C’est un spectacle remarquable, c’est un enchantement de l’esprit, un regard ironique et
cruel sur la société, la Cour, le Roi, la bourgeoisie de province, sa bêtise et son hypocrisie, la religion, le jansénisme, l’intolérance... Le procédé littéraire cher au XVIIème siècle de faire critiquer la société, les institutions, la religion…par un naïf est efficace ici encore : Montesquieu l’avait déjà utilisé avec succès dans les Lettres Persanes, avec ses deux Persans qui découvrent la France et s’étonnent de tout ce qu’ils voient. C’est aussi un moyen d’éviter la censure.
Une phrase
« Quel est donc cet homme charmant qui favorise avec tant de bonté les garçons et les filles dans leurs amours ? Je veux aller lui parler tout à l’heure.
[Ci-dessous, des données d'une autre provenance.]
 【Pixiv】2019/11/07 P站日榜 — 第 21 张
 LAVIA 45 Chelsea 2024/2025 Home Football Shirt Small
On lui expliqua ce que c’était que le pape. Et l’ingénu fut encore plus étonné qu’auparavant. Il n’y a pas un mot de tout cela dans votre livre, mon cher oncle. J’ai voyagé, je connais la mer. Nous sommes ici sur la côte de l’océan. Et je quitterai Mademoiselle de Saint Yves pour demander la permission de l’aimer à un homme qui demeure vers la Méditerranée, à quatre cents lieues d’ici, et dont je n’entends point la langue ? Cela est d’un ridicule incompréhensible.»
L'auteur
Voltaire (1694-1778), grand philosophe du XVIIIème siècle, est l’auteur de nombreuses œuvres de genres variés : des pièces de théâtre comme Zaïre, une épopée (La Henriade), des contes, comme Candide, Zadig et L’Ingénu (1767), des essais historiques (Le siècle de Louis XIV), des œuvres philosophiques et critiques (Lettres Philosophiques), dictionnaire philosophique). Il mena aussi des campagnes contre l’intolérance (Calas, Sirven…). Il combattit contre l’absolutisme, la religion, l’intolérance, comme L’Ingénu et se retrouva à la Bastille, comme son héros.